Dans les villages éloignés comme dans le poste central, le catéchisme quotidien était suivi d’une seconde recommandation d'une heure de classe aux néophytes afin de donner peu à peu aux indigènes, 'frustres natures', le goût d'une instruction forcément très sommaire 416 . En fait, pour les missionnaires, l'école était une garantie pour l'avenir du christianisme et avait comme autres avantages de maintenir les personnes en relations permanentes avec les missionnaires, et de contribuer à la promotion humaine des individus.

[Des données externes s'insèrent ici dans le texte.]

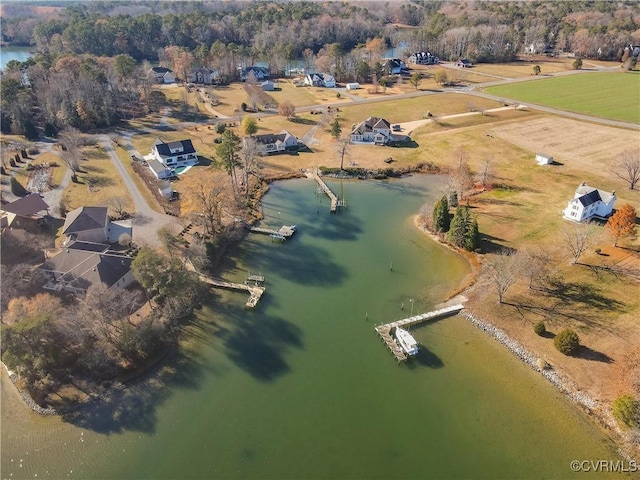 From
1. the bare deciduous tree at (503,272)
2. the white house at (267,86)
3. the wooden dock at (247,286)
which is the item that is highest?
the white house at (267,86)

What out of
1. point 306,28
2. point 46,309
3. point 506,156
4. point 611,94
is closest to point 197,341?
point 46,309

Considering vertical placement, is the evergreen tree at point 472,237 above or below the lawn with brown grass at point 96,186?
below

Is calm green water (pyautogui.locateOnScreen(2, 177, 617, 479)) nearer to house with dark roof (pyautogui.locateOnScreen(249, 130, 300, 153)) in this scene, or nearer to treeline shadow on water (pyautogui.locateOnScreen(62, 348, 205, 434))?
treeline shadow on water (pyautogui.locateOnScreen(62, 348, 205, 434))

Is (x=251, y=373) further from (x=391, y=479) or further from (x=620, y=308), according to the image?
(x=620, y=308)

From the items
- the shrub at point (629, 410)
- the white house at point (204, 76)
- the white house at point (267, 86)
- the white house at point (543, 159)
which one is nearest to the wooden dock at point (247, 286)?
the shrub at point (629, 410)

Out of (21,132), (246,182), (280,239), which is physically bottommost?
(280,239)

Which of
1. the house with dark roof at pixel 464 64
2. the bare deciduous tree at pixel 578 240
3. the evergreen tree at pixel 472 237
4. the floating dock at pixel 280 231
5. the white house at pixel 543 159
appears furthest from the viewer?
the house with dark roof at pixel 464 64

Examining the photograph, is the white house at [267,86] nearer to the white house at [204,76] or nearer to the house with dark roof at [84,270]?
the white house at [204,76]

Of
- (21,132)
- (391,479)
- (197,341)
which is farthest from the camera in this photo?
(21,132) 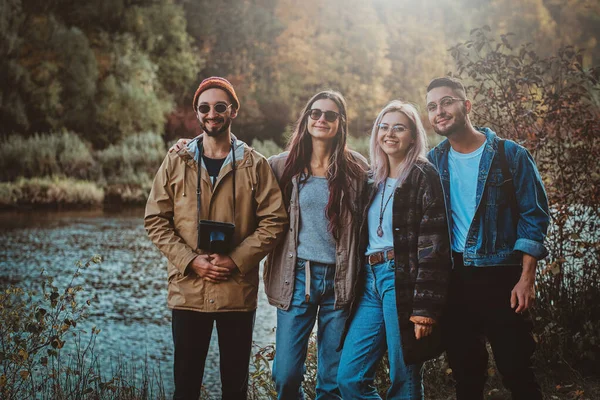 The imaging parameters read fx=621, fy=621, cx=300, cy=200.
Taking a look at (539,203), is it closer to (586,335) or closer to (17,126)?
(586,335)

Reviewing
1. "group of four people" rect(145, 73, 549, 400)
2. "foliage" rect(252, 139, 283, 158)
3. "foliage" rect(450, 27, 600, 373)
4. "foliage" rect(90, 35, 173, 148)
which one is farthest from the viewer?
"foliage" rect(252, 139, 283, 158)

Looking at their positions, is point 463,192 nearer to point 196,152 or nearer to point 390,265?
point 390,265

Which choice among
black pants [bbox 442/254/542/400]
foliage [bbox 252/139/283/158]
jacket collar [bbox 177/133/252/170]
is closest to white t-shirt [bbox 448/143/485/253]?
black pants [bbox 442/254/542/400]

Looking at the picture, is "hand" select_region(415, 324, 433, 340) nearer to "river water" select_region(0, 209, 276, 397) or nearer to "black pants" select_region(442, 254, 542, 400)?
"black pants" select_region(442, 254, 542, 400)

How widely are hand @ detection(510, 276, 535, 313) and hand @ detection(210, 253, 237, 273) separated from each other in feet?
4.44

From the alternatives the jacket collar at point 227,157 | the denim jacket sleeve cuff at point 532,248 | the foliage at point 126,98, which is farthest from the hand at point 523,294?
the foliage at point 126,98

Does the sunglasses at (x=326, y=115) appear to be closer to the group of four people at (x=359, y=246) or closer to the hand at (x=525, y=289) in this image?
the group of four people at (x=359, y=246)

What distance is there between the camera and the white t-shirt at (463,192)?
9.80 ft

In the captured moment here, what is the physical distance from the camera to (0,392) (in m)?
3.53

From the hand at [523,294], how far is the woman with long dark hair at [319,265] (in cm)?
74

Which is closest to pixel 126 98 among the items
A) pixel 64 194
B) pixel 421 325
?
pixel 64 194

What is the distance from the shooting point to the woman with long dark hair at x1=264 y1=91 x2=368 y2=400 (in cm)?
306

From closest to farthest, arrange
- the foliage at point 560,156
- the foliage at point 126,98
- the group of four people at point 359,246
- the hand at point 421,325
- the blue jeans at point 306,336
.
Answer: the hand at point 421,325
the group of four people at point 359,246
the blue jeans at point 306,336
the foliage at point 560,156
the foliage at point 126,98

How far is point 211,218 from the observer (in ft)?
10.3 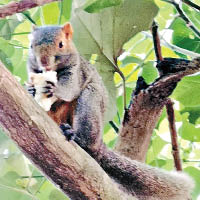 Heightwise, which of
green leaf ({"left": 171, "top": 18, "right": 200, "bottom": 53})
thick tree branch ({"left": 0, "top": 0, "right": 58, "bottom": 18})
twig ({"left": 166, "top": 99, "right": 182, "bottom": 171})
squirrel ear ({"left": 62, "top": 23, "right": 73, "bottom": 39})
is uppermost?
thick tree branch ({"left": 0, "top": 0, "right": 58, "bottom": 18})

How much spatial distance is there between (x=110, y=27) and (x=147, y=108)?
0.26 meters

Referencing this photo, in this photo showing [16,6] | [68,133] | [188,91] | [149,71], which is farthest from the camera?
[149,71]

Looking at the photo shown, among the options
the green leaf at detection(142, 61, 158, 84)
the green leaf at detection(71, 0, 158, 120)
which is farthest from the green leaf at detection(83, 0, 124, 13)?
the green leaf at detection(142, 61, 158, 84)

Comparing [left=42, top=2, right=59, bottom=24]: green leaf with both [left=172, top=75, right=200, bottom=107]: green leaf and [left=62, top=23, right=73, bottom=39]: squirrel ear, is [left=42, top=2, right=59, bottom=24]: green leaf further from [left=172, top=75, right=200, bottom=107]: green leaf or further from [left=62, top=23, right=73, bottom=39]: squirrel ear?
[left=172, top=75, right=200, bottom=107]: green leaf

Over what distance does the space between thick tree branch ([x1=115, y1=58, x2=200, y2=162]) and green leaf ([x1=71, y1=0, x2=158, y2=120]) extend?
13 centimetres

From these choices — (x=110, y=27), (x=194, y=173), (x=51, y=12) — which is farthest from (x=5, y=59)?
(x=194, y=173)

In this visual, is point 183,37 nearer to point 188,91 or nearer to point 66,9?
point 188,91

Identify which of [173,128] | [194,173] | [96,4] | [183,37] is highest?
[96,4]

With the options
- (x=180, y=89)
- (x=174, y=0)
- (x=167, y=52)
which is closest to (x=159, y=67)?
(x=180, y=89)

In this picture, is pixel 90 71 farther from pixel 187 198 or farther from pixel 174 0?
pixel 187 198

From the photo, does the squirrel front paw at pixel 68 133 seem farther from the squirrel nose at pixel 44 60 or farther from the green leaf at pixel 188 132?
the green leaf at pixel 188 132

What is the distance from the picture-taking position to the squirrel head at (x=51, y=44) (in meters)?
1.32

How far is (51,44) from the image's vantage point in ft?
4.46

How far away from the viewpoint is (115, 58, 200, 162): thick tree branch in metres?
1.25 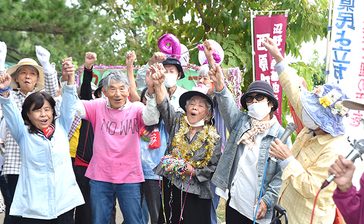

Ainsi, grâce aux nouvelles conversions, les tournées apostoliques permettaient, enfin, aux missionnaires d’atteindre leurs buts : la formation des communautés chrétiennes. Celles-ci pouvaient se présenter sous forme de fermes-écoles ou de chapelles-écoles dirigées par les catéchistes. Le catéchuménat accompagné de l'instruction scolaire ne tarda pas à donner ses fruits à telle enseigne que le Père Leon Cambron écrivit dans une de ses lettres : « La foi se développe ici et le règne du Sacré-Cœur fait de nouvelles conquêtes sur le territoire de Satan. Elle ne tombera même pas le jour où nos mains défaillantes ne pourront plus la soutenir car elle est plantée dans les cœurs 417  ».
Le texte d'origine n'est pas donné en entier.